Conversely, during decelerations, too much pressure will exist in the nozzle which will result in excess material being deposited. This is seen in our finished models as over-extrusion, oozing, or bulging.
In order to counter this effect PA attempts to simulate the correct pressure in the nozzle. Practically, pressure advance accomplishes that by 'advancing' filament forward towards the nozzle during accelerations, and then ‘retracting’ filament away from the nozzle during decelerations. This process mimics the correct pressure, maintaining an even flow of filament while printing.
Finding the best pressure advance for your printer
There's no such thing as a perfect PA value for any 3d printer. The testing we perform is expected to get a more accurate flow of filament, but nothing will ever be perfect. Add to that an optimal pressure advance value will likely differ with every spool of filament your 3d printer uses. Luckily the difference within filament types should be minimal, which means you should only have to calibrate PA per filament class. That means you’ll have one pressure advance value for PLA, another for PETG, TPU, ABS, etc. These values will be saved within the printer.cfg and can be used whenever you print filament of the specific type. When printing materials that are unique within a specific type, Carbon Fiber PETG for instance, or filament that is printing at a higher than normal temperature, then I would suggest running a pressure advance test for that particular filament and using it while printing.
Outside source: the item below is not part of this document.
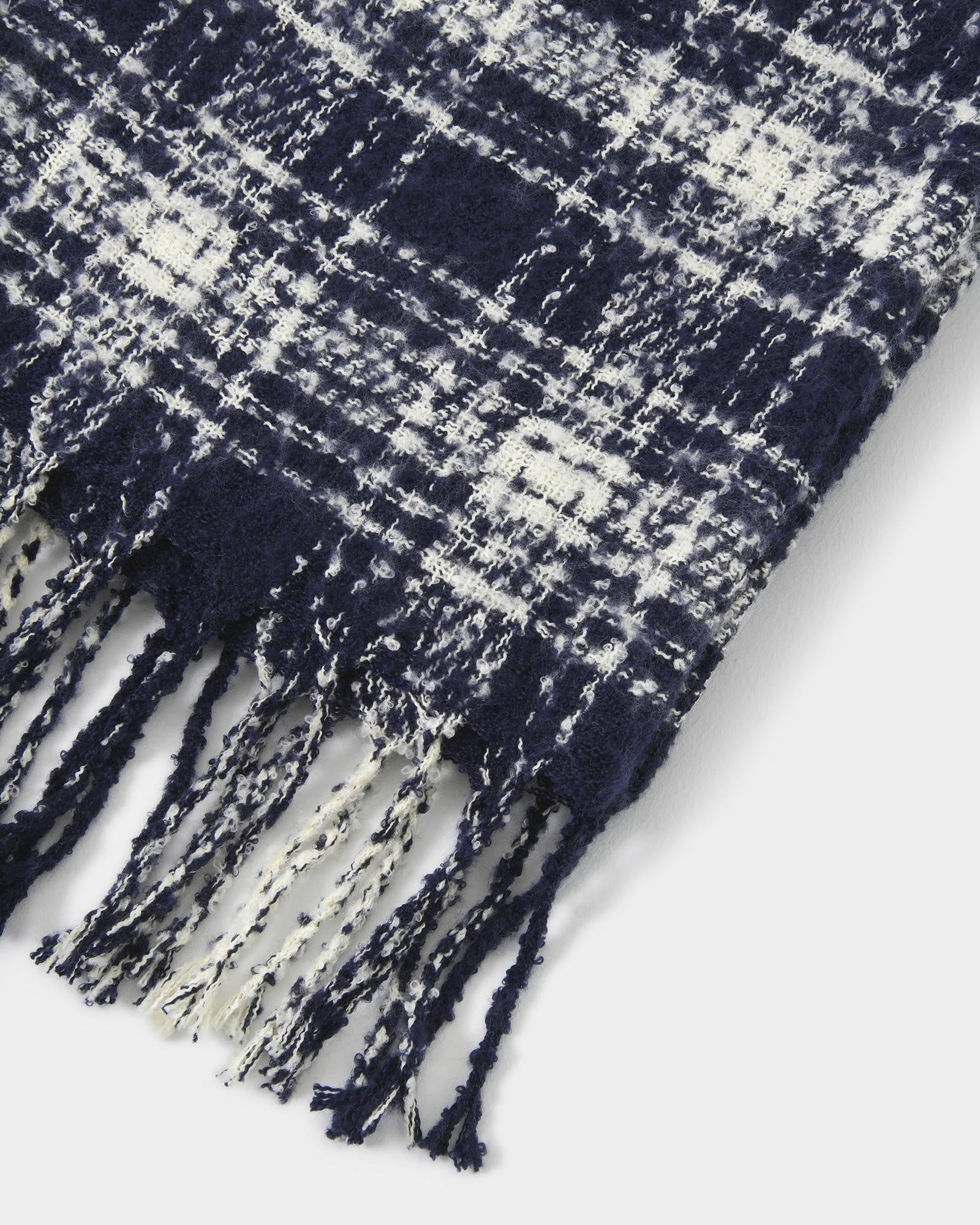 Kaylene Checked Scarf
When printing materials that are unique within a specific type, Carbon Fiber PETG for instance, or filament that is printing at a higher than normal temperature, then I would suggest running a pressure advance test for that particular filament and using it while printing.
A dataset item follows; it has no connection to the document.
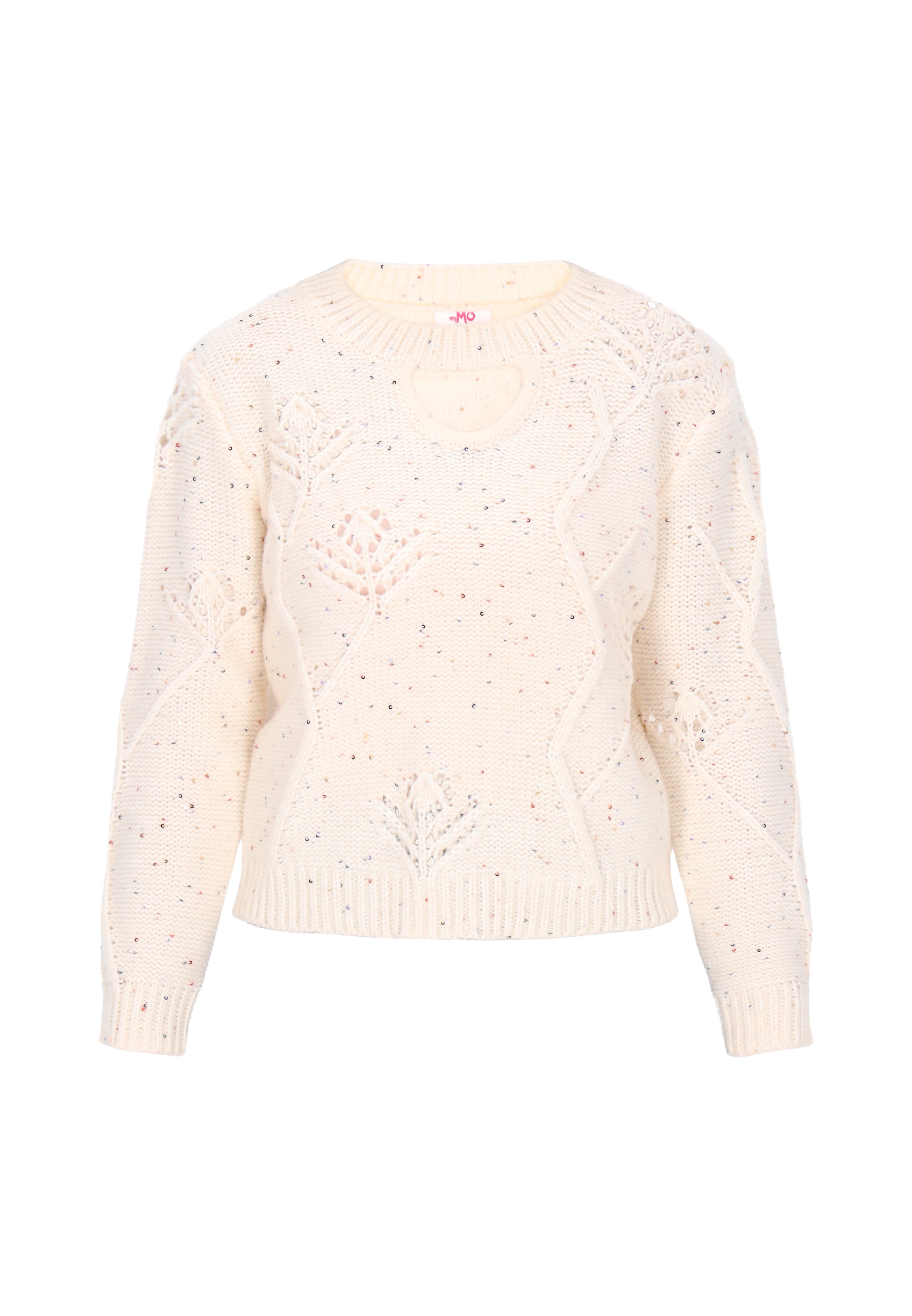 MYMO Sweater in White: front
When should you recalibrate Pressure Advance?
Once finding an optimal pressure advance value you will rarely need to recalibrate it. PA is regulating the flow of filament from the nozzle, so if no parameters that affect extrusion are changed then continuing the same pressure advance should yield consistent results. Recalibrating pressure advance should be performed whenever you:
Increase or decrease the normal printing temperature (+/- 10c)
Change/replace/service any of the parts connected to the extrusion system. These includethe extruder, the nozzle, the PTFE tubing, or the hot end itself.
**Recalibration should be performed for each filament type you are printing (PLA, ABS, PETG, etc)**
This may seem daunting now, but after seeing how quick and easy the testing is, recalibration will not be a concern.
How to calibrate Pressure Advance?
There’s a few methods I know of for testing PA, and while they all differ, one general principle remains:
Each method will test a wide range of pressure advances within one printed model.
The user will determine which PA value looked the best for any given test.
Of course ‘looking’ the best is a subjective term, but as we enter the testing phase, you will learn, there are obvious aspects in a good PA value, and obvious aspects that comprise a bad PA. Like most things 3d printing, the more you perform each test the better you become at performing each test.
The calibration method I prefer is known as “The Lines Method”. This test will have your 3d printer extrude a series of lines using various PA values. When the test is complete you will look at the printed lines and determine which line is the most uniformly extruded from the beginning to the end. It’s a simple test, it requires a short amount of time, a small amount of filament, and no additional tools. The setup of the test is done through a website, and from there it will provide gcode which can be transferred to your 3d printer and printed.